*** Block opens ***

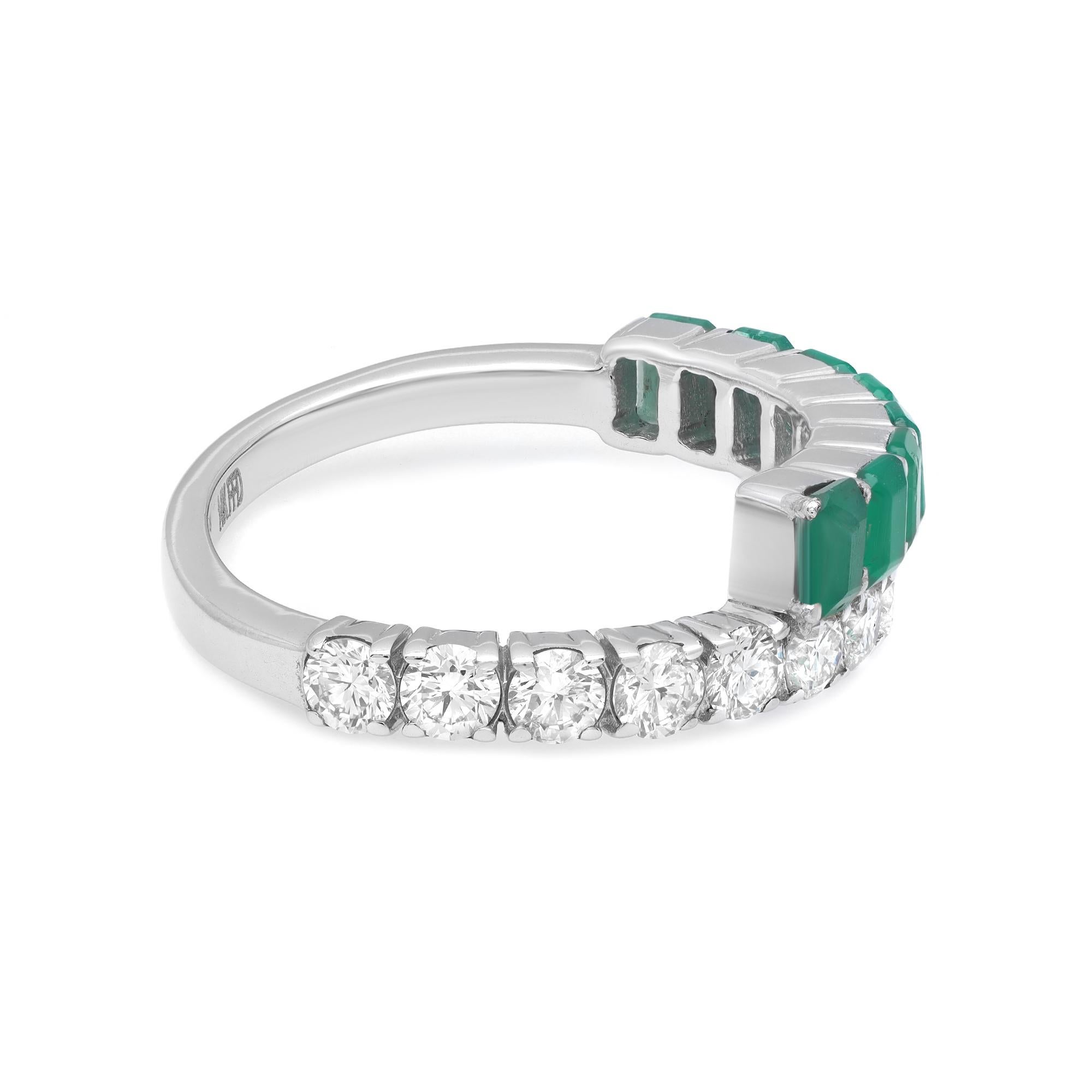 1.00Cttw Emerald and 0.61Cttw Diamond Ladies Ring 14K White Gold In New Condition For Sale In New York, NY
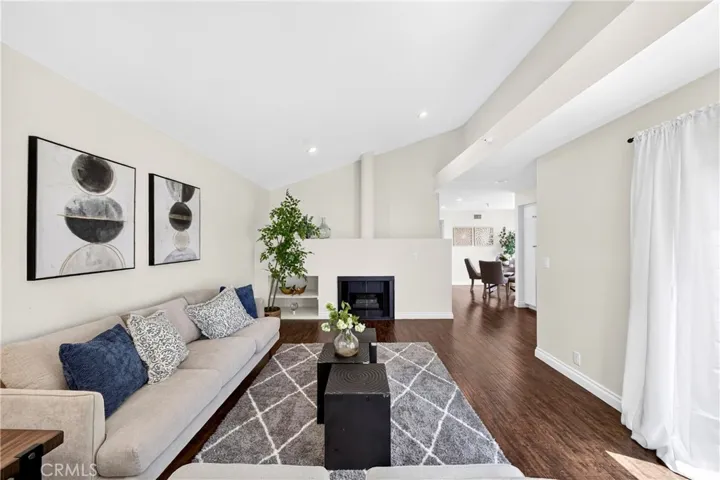5401 Twin Lakes Drive, Cypress, California 90630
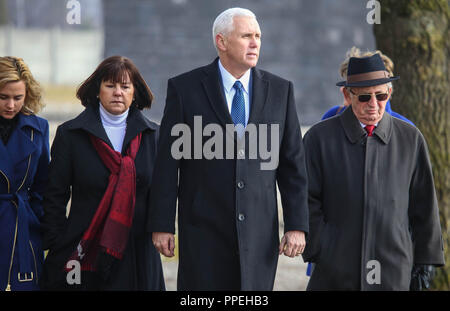 Der amerikanische Vizepräsident Mike Pence (2. von rechts) mit seiner Frau Karen und Tochter Charlotte bei einem Besuch der KZ-Gedenkstätte Dachau. Am Recht, Zeitzeuge Abba Naor. Stockfoto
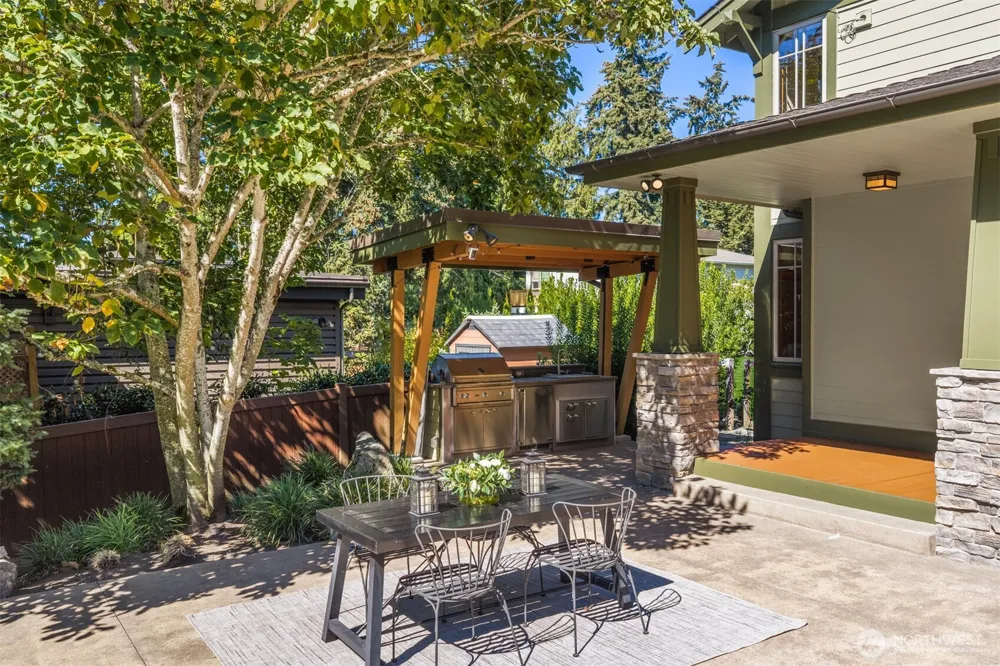 1411 8th Street W Kirkland, WA 98033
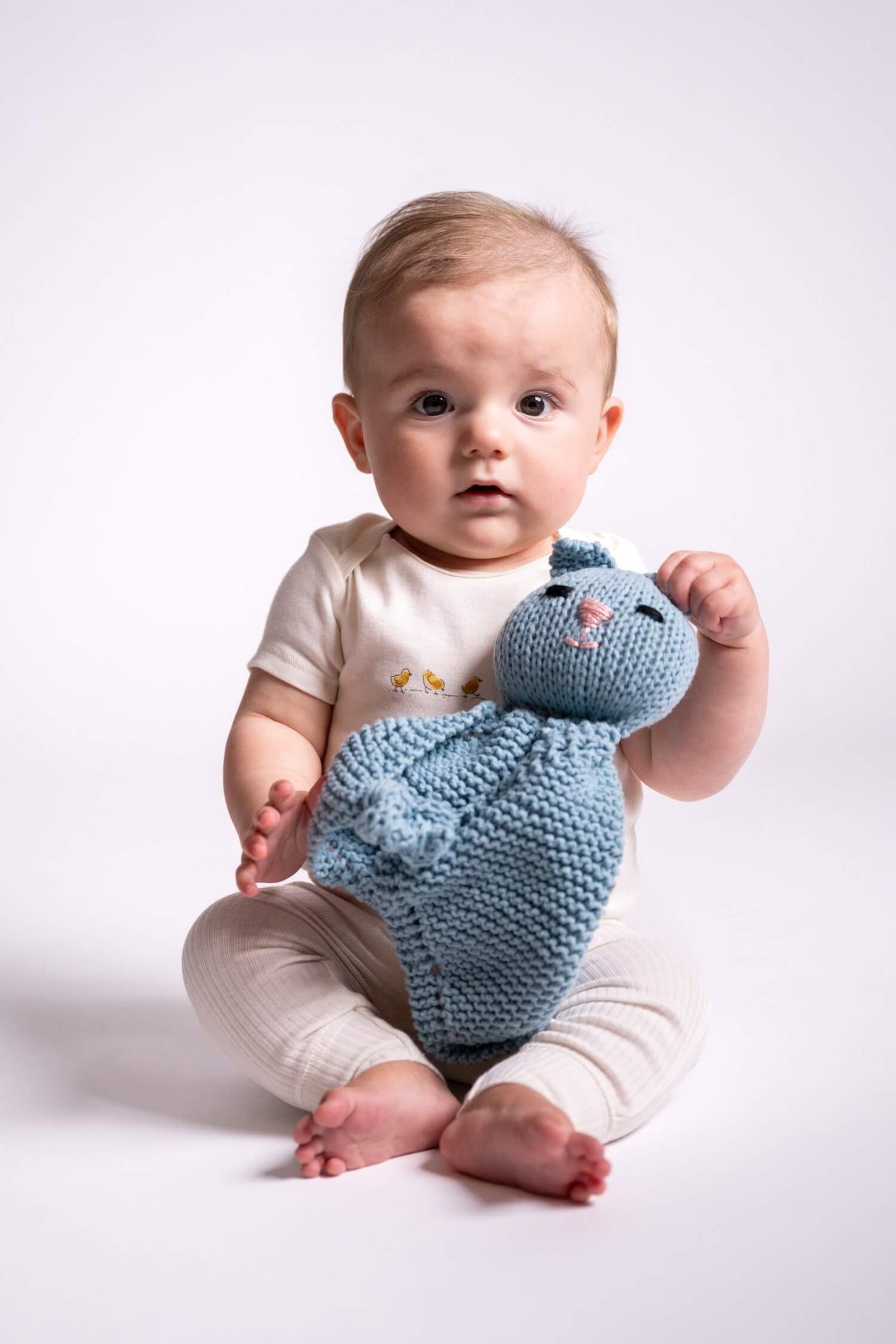 Kitty Lovey (Knit) – Lion Brand Yarn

*** Block closes ***

__WORK ORDER__.
If pictures appear, drop them, and retype exactly the lines from the "Der amerikanische Vizepräsident" line through the last line of the data above.

__RESPONSE__.
 Der amerikanische Vizepräsident Mike Pence (2. von rechts) mit seiner Frau Karen und Tochter Charlotte bei einem Besuch der KZ-Gedenkstätte Dachau. Am Recht, Zeitzeuge Abba Naor. Stockfoto
 1411 8th Street W Kirkland, WA 98033
 Kitty Lovey (Knit) – Lion Brand Yarn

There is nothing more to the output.